#### EXTRACTED INFORMATION:
-----

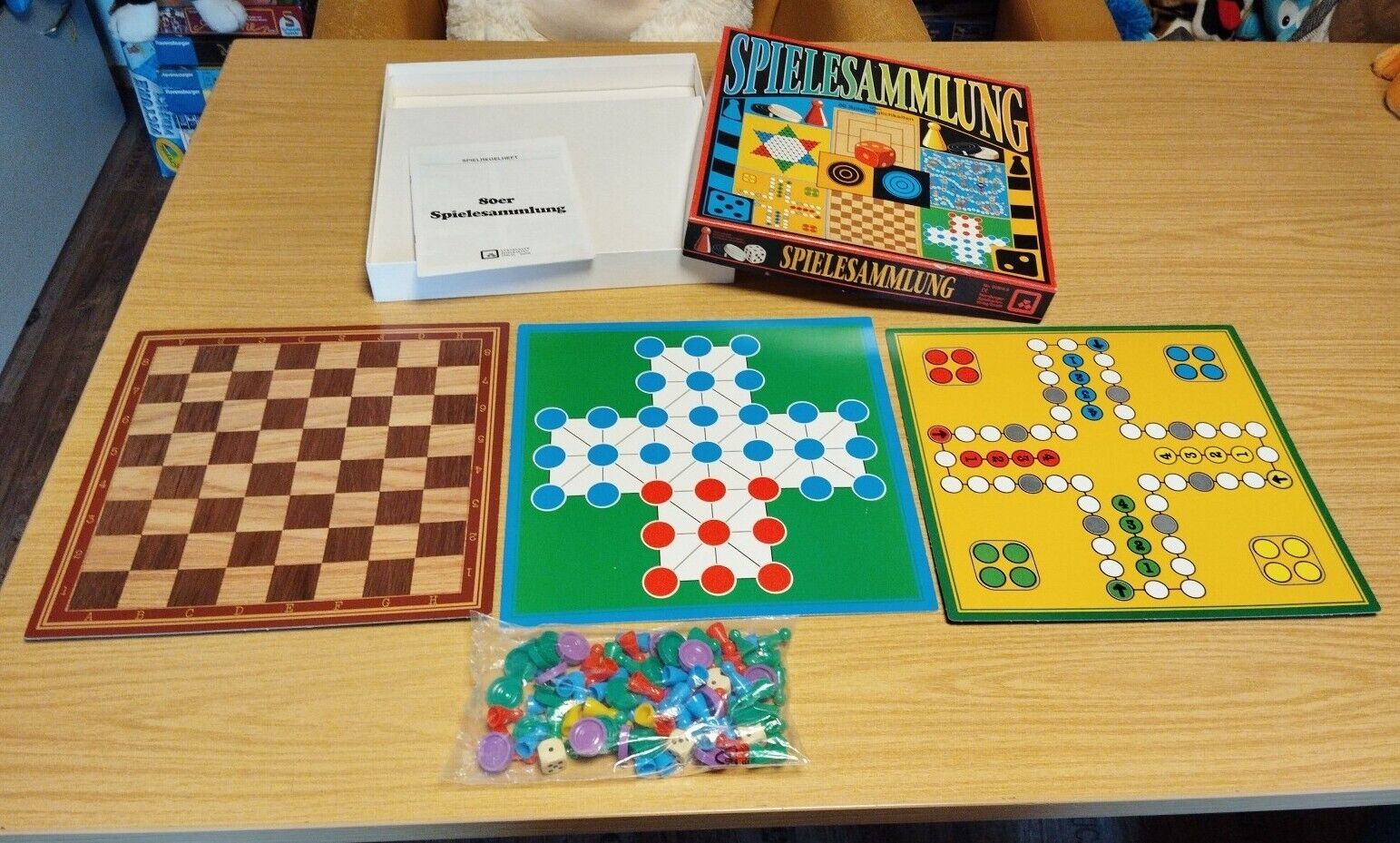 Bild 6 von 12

-----

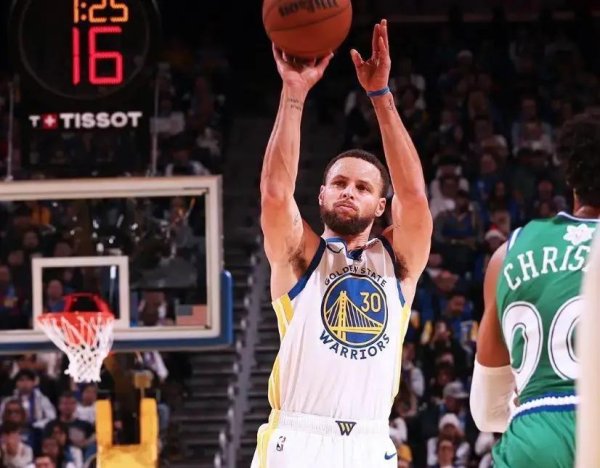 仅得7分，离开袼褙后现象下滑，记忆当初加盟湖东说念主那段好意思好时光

-----

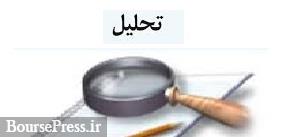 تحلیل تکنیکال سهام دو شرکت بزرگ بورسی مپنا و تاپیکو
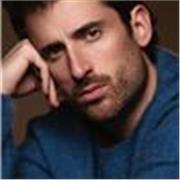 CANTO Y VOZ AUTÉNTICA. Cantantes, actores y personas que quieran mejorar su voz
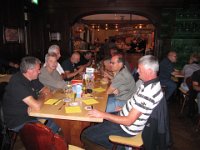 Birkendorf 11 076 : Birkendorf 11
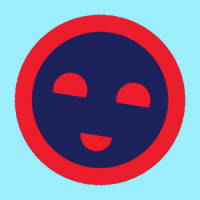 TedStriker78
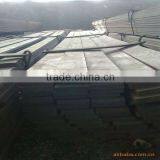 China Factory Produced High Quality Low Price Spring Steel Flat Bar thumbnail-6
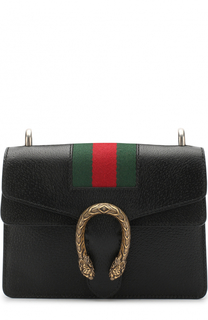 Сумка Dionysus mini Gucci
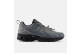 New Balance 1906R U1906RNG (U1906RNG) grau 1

-----

#### WORK REQUEST:
With the pictures omitted, print the lines above exactly, beginning at the line with "TedStriker78" and going on through the line with "New Balance 1906R U1906RNG (U1906RNG) grau 1".

#### RESULT FOR THIS EXERCISE:
 TedStriker78
 China Factory Produced High Quality Low Price Spring Steel Flat Bar thumbnail-6
 Сумка Dionysus mini Gucci
 New Balance 1906R U1906RNG (U1906RNG) grau 1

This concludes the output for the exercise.